It's also worth noting that "pa" is an intimate expression. According to polish PWN dictionary it is "poufały okrzyk pożegnalny używany zwykle w stosunku do dzieci lub przez dzieci (często z odpowiednim gestem, kiwnięciem ręką); do widzenia". More neutral translation of "bye" is "cześć".
How do I read that "ę"? It's once pronounced as usual "e", now there's unwritten "n" after it, and an "a" with a tail is read as a nasal vowel at all.
It's mentioned in the tips and notes. ę is similar to "en" in English, and ą is similar to "om" in English.
It's a nasal "e", so you make the sound with your nose and mouth at the same time. Very common sound in Portuguese too.
That's what I thought. But where is the n coming from?
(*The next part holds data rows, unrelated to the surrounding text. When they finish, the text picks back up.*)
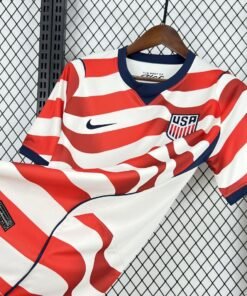 Maglia USA Home 2024/25 Versione Tifoso dettaglio stemma ricamato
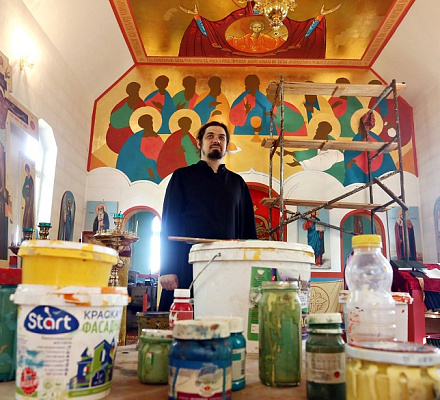 Der Tempel im mordovianischen Dorf wird im byzantinischen Stil gestrichen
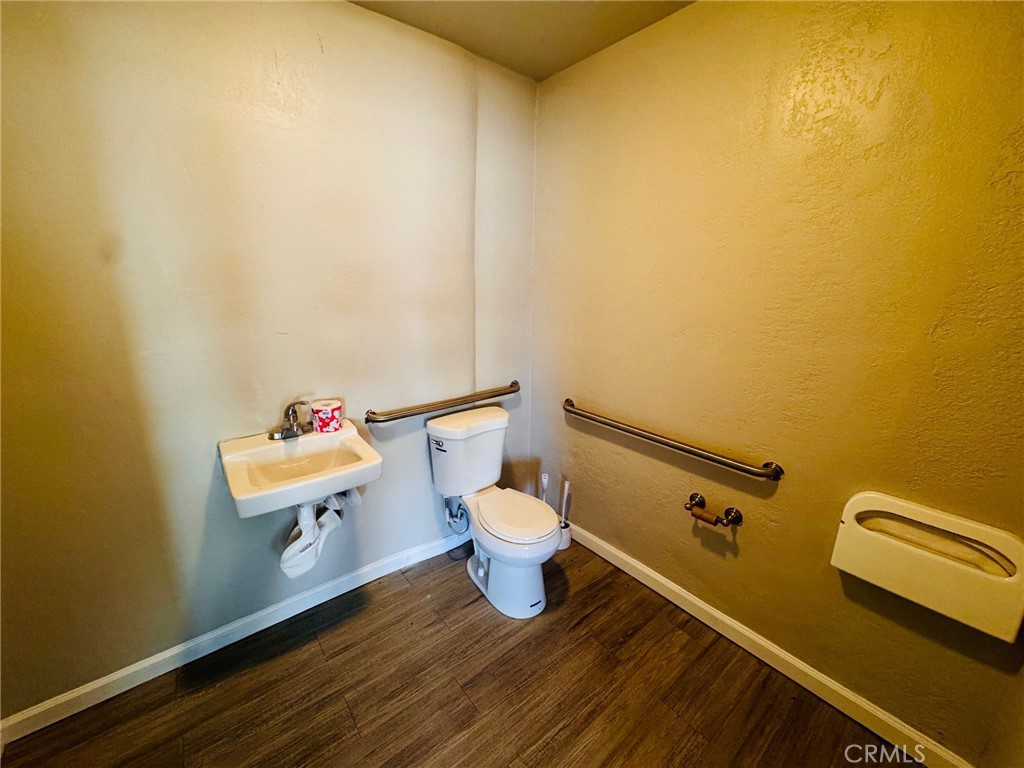 525 E 19th Property Photo 10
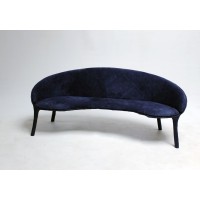 <a href=https://www.galeriegosserez.com/gosserez/artistes/loellmann-valentin.html>Valentin Loellmann </a> - Spring/Summer - Sofa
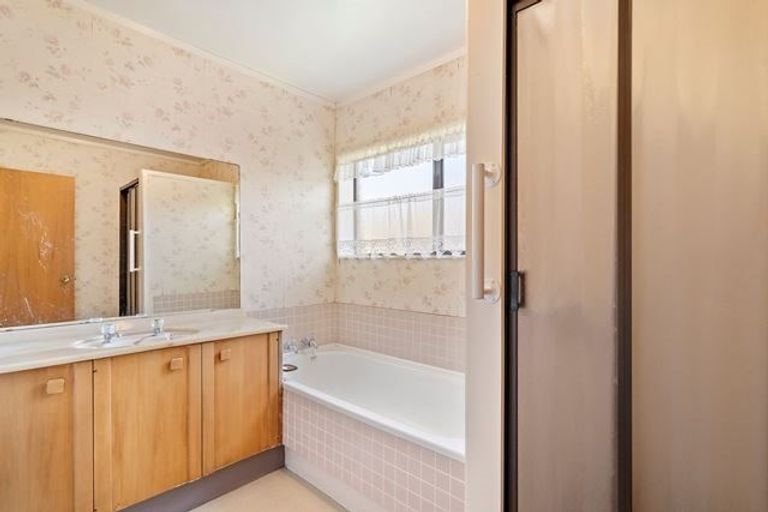 Photo of property in 11 Evanda Crescent, Conifer Grove, Takanini, 2112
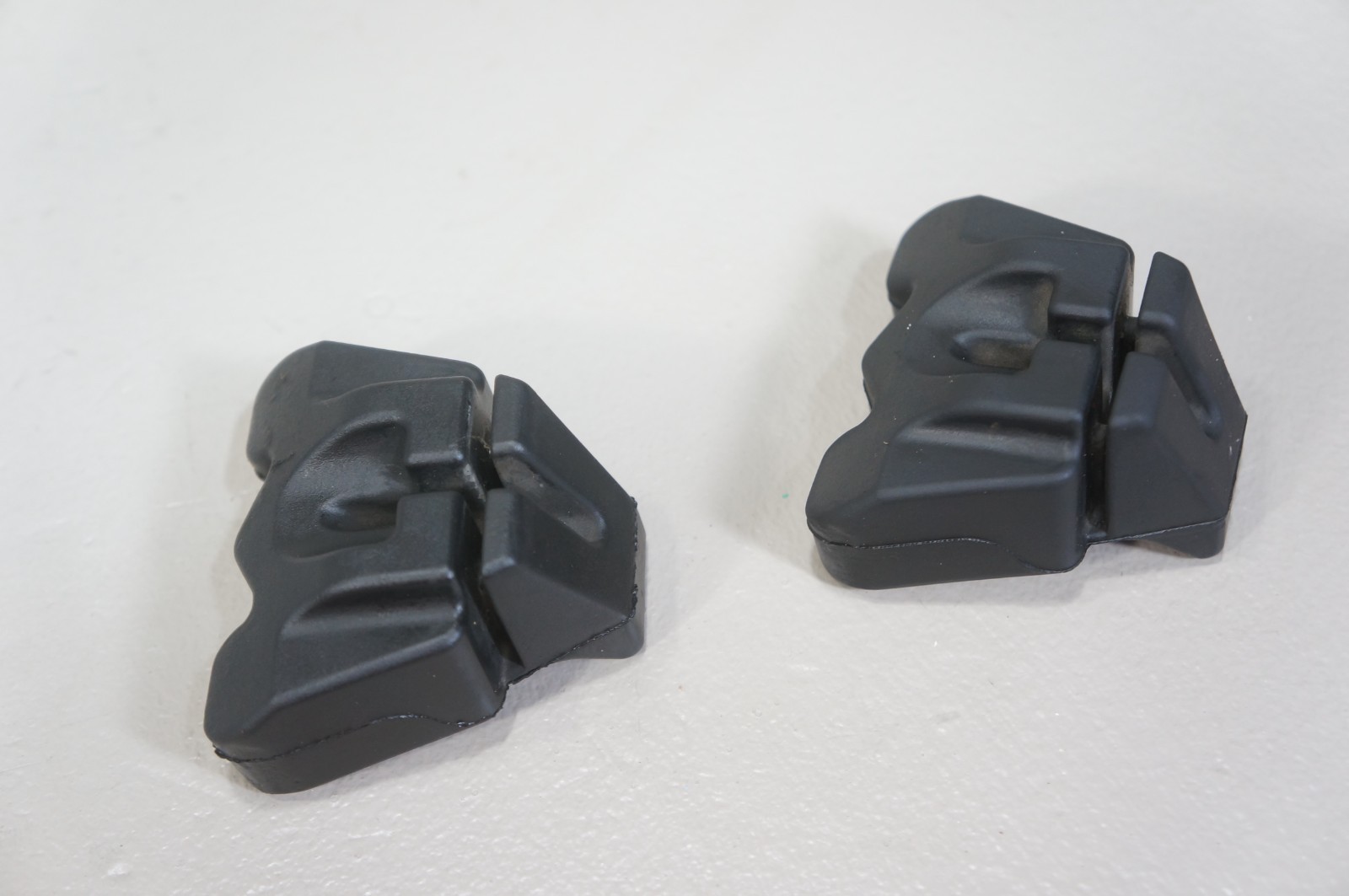 2011-2017 bmw x3 x4 x5 f25 f26 radiator rubber mount pad bushing pair 2 oem Item image 5
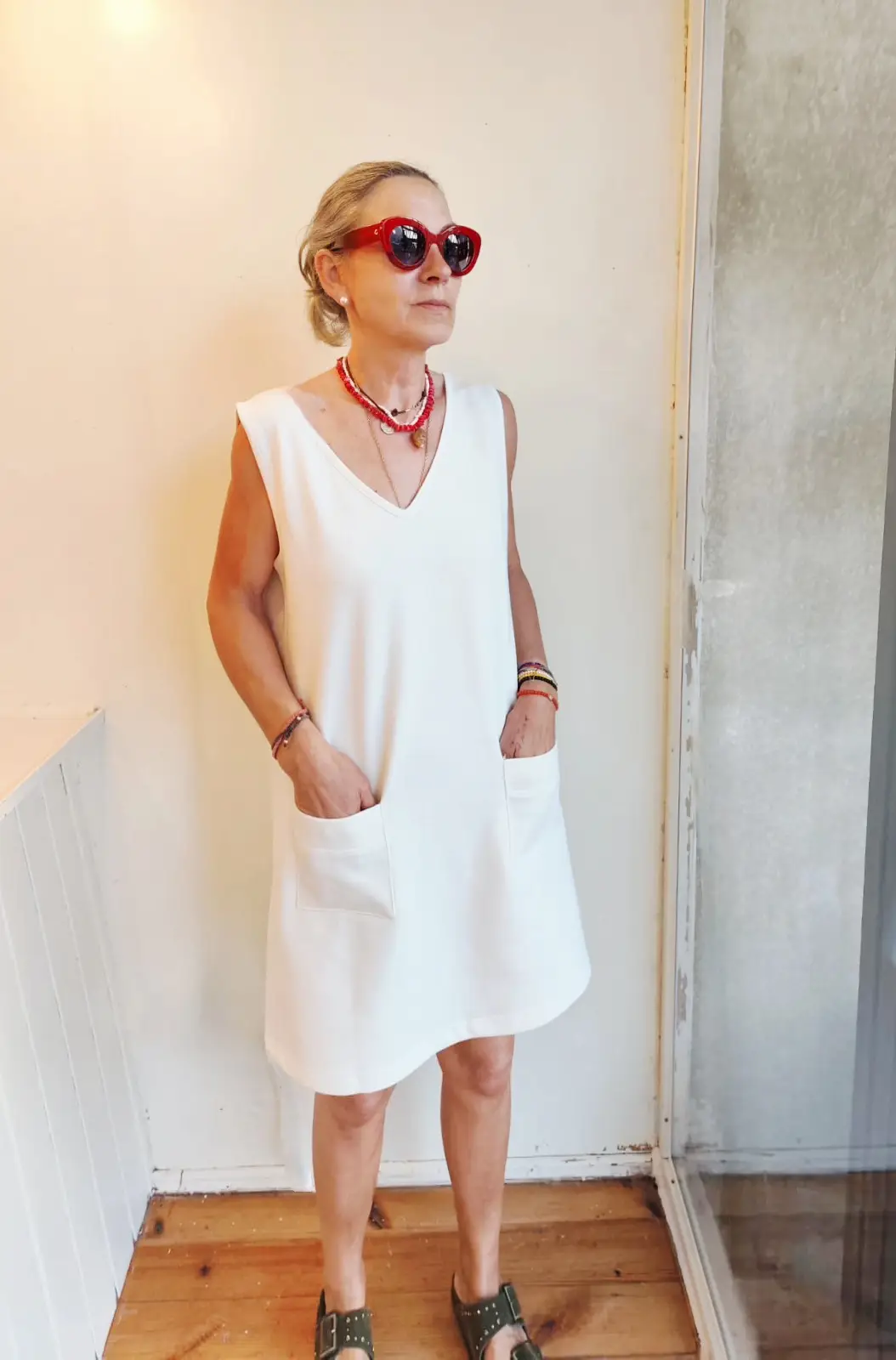 Vestido con tiras y lonas hípicas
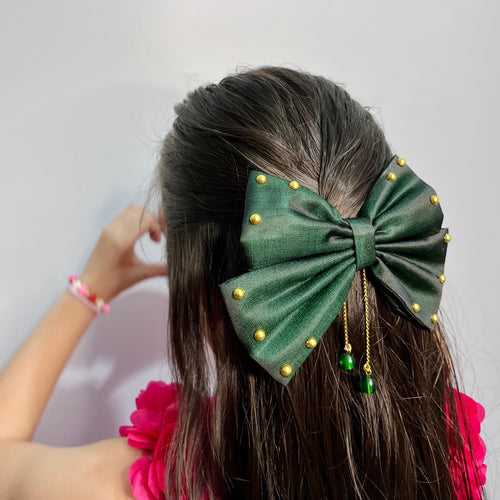 Green Bow with Golden Pearls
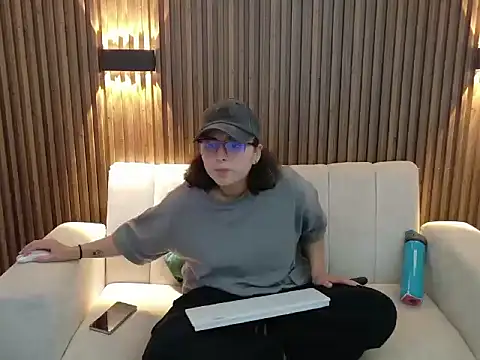 feelena mysoull online show from 05/31/26, 06:09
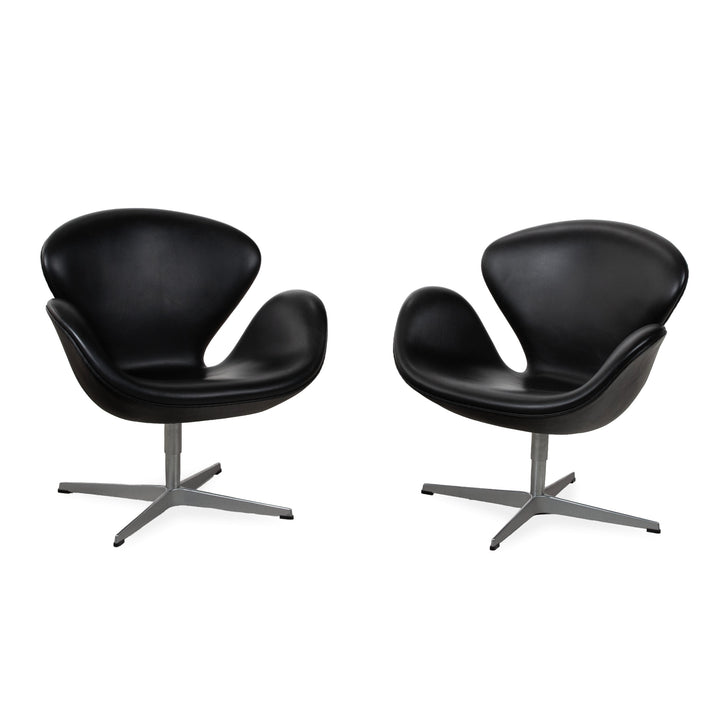 Fritz Hansen 2x Swan Chair Leder Sessel Schwarz manuelle Funktion mit Drehstopp Funktion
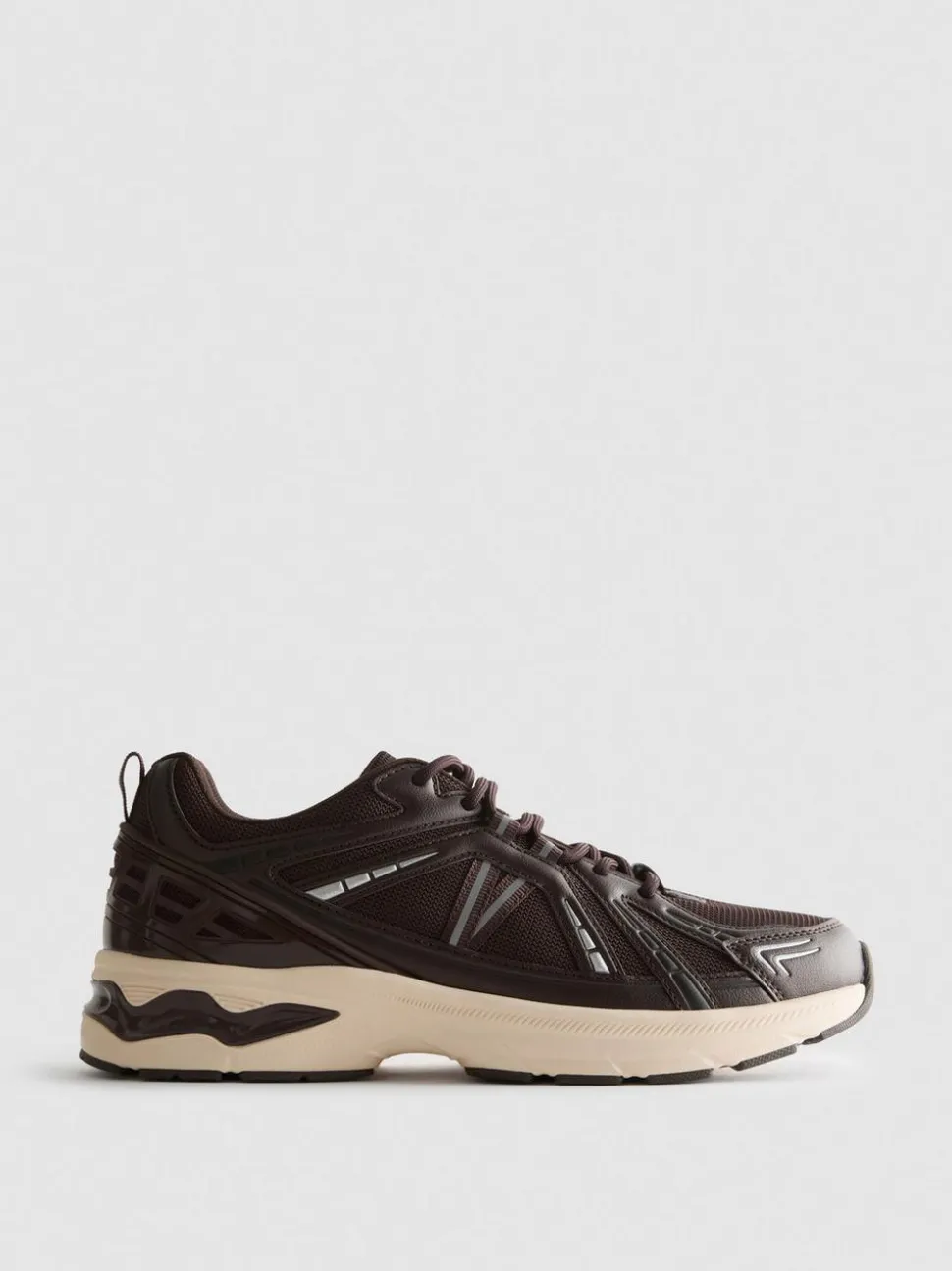 Retro-Sneaker mit mehreren Einsätzen
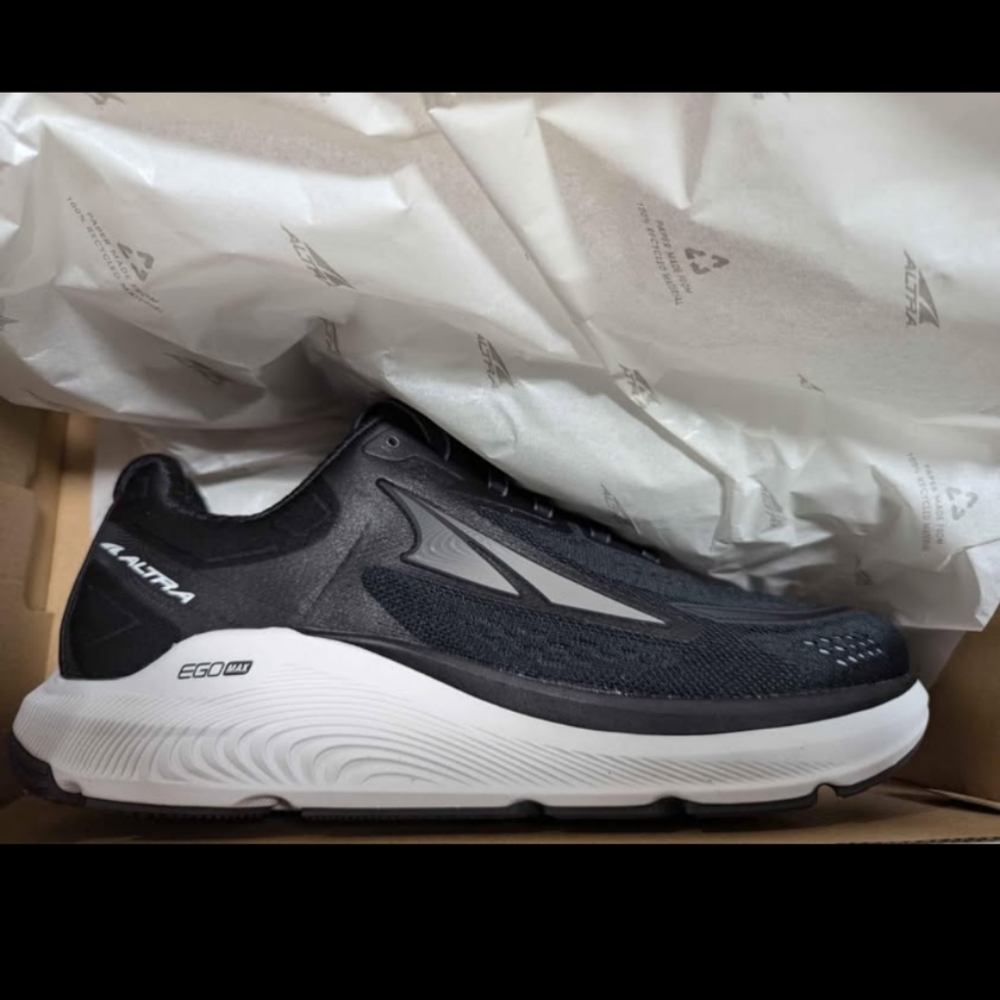 NIB Altra Paradigm 6 men's size 9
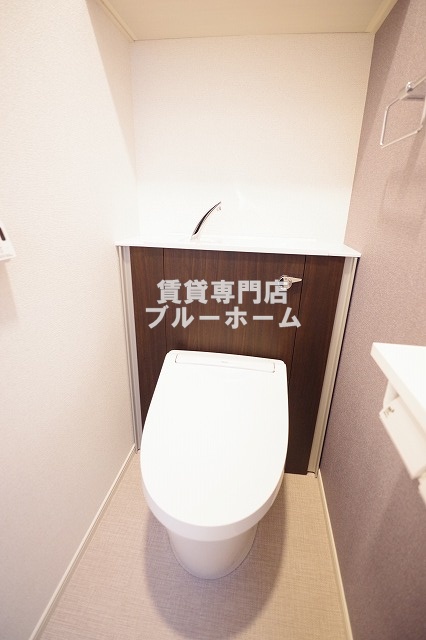トイレ　タンクレストイレ！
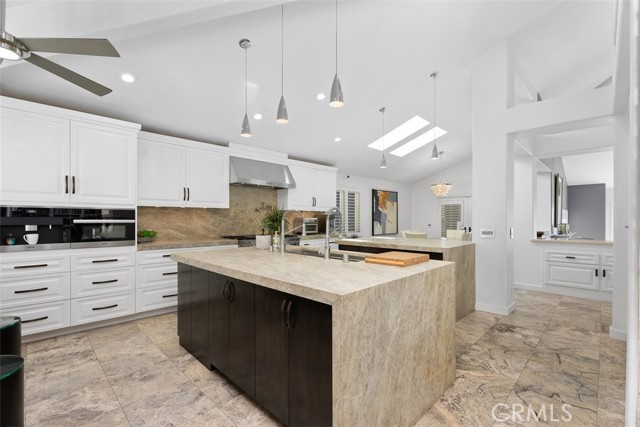 Detail Gallery Image 16 of 50 For 22911 via Orvieto, Dana Point,  CA 92629 - 4 Beds | 3/1 Baths
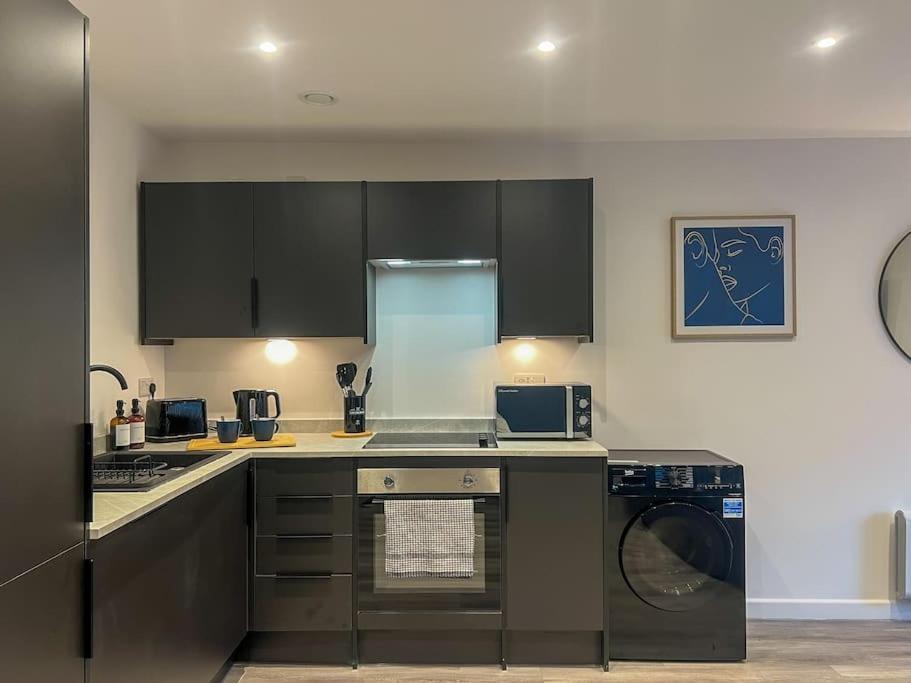 Orange Rentals-High Spec, Midnight Suite, Sleeps 4-Pets Welcome! Liverpool Ngoại thất bức ảnh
It sounds like "jyenkee".
If the following sound causes a stop in air-flow, you'll get a consonant cluster that starts with the matching nasal sound: nk, ng, nt, nd, mp, mb, nc, ńć, ncz.
So, is the difference between dzięki and dzękuje the same as the difference between thanks and thank you (the latter being slightly more formal)? or is it something else?
Dzięki is something like Thanks, and Dziękuję is Thank you (kinder and more official).
Why is "Goodbye" not an acceptable translation for "pa"? Or is it probably just some randomly overlooked error? And yes, I have notified the team.
Is "pa" at all related to Russian 'Пока'? This, too, is a familiar expression which would be replaced by "до свидания" in more formal situations. I'm just curious because of what Piotr said above, and because they begin with a similar sound.
Also: so "cześć" can mean both "hello" and "goodbye"?
I don't know, maybe... "pa" is pretty colloquial, may sound childish. I think that пока may be more like "cześć".
Yes, it can easily be used for 'bye'. Like Italian "ciao", which can be said both at the beginning and the end of the conversation.